The Minkowski-angle (the rapidity) between unit future-timelike vectors is based on the intercepted arc length of the unit hyperbola.

Can you write cosh in terms of tanh alone?

3. Mar 2, 2006

Staff Emeritus
Because in Minkowski geometry the equation satisfied by a generic unit vector (t,x) is $$t^2 - x^2 = 1$$, not $$t^2 + x^2 = 1$$. The first equation is that of a unit hyperbola and it is parametrized by the hyperbolic functions not the circular ones.

4. Mar 2, 2006

### Oxymoron

I will try and do this today and get back to you. Am I correct in assuming that by using some hyperbolic trig identities I can get tanh and is this the relative speed of a timelike, future pointing particle (or an inertial observer)?

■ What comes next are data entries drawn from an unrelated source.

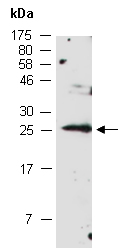 ID1 Antibody Western (Abiocode)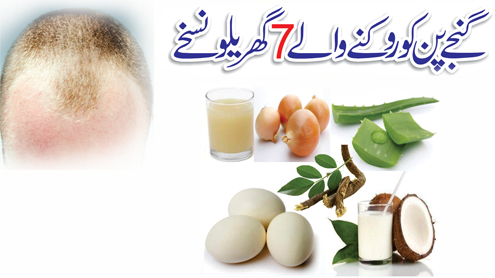 گنجے پن کو روکنے والے 7 گھریلو نسخے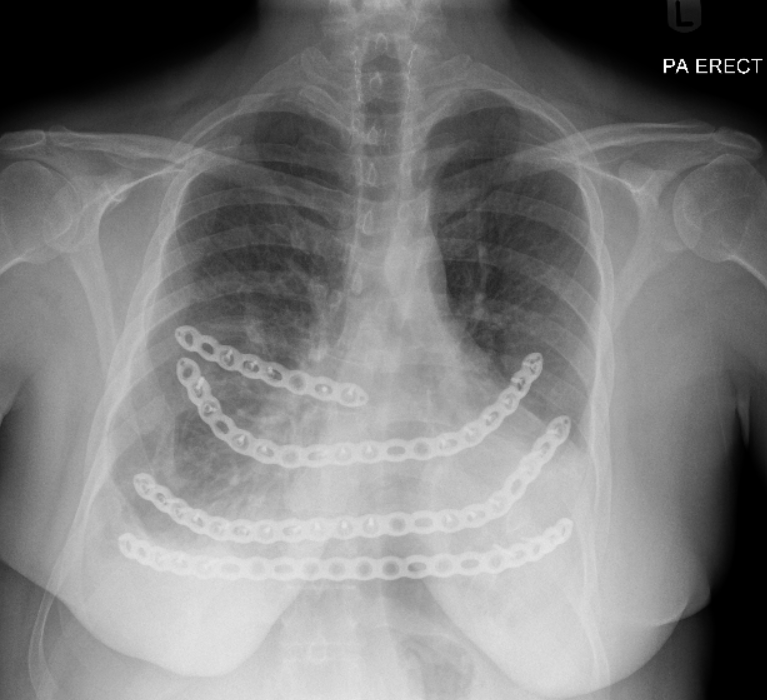 X-ray image of a chest showing a chain of rings inside the stomach.
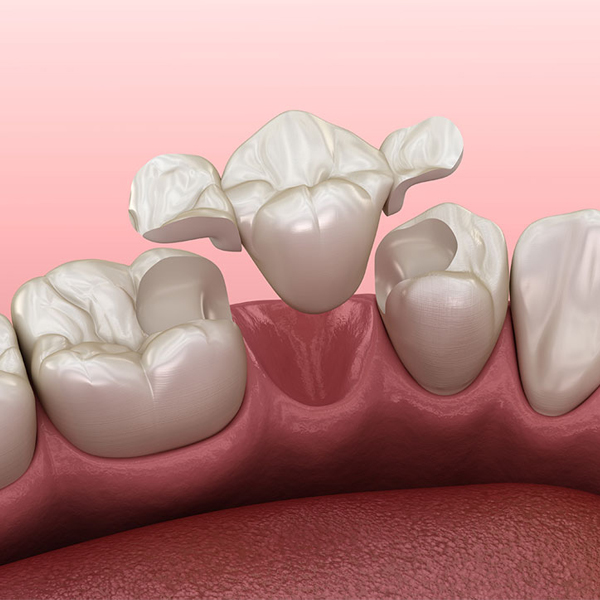 Fixed Teeth (Crown and Bridges)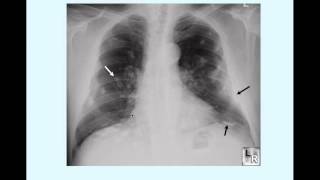 Asbestosis  CRASH! Medical Review Series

Is this due to the metric having minus signs instead of plus? Like $s^2 = t^2-x^2-y^2-z^2$? since dot product is given by

$$u\cdot v = g_{ij}u^iv^i$$

so the 'angle' will be determined on what the metric looks like. In our case it has negatives in it.

5. Mar 2, 2006

### robphy

Yes, but I want you to interpret cosh(theta) with that understanding. If that was too easy, you should work on expressing exp(theta) in terms of tanh(theta), then interpreting.

Yes. In fact, one can draw a picture of the Minkowski metric. It is a hyperbola (generally, hyperboloid)... traced out by the tips of the Minkowski-unit vectors.

6. Mar 6, 2006

### Oxymoron

Im not sure if I have the right answer, I may be complicating it too much.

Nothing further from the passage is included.